*WHAT NEEDS TO BE DONE*. Restate word for word the lines below, from the one containing "Father holding his" through the final line, with no pictures included.

*GIVEN DATA*.
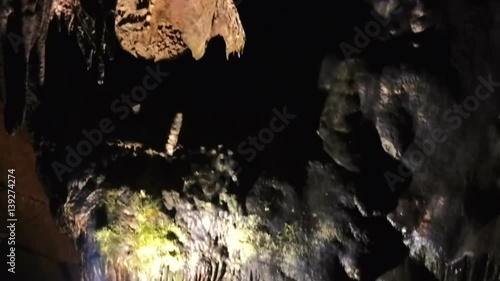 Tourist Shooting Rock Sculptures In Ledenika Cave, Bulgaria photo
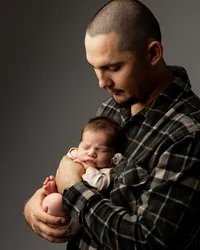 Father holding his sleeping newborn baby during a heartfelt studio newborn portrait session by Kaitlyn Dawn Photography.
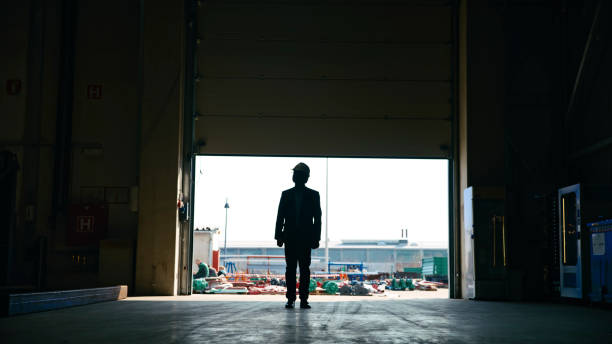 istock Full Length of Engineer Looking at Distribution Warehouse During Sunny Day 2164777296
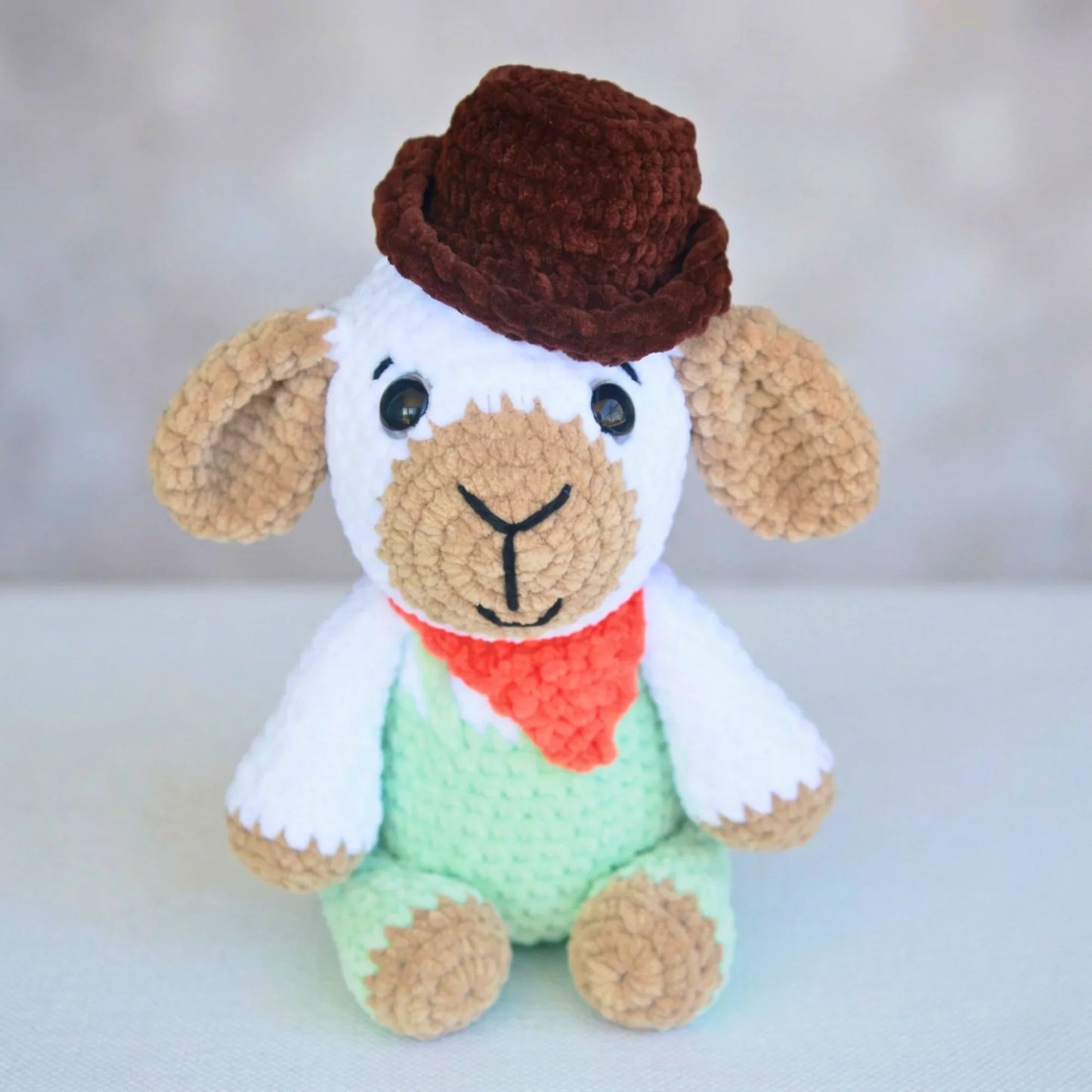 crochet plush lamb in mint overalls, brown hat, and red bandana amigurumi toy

*WRITTEN RESPONSE*.
 Father holding his sleeping newborn baby during a heartfelt studio newborn portrait session by Kaitlyn Dawn Photography.
 istock Full Length of Engineer Looking at Distribution Warehouse During Sunny Day 2164777296
 crochet plush lamb in mint overalls, brown hat, and red bandana amigurumi toy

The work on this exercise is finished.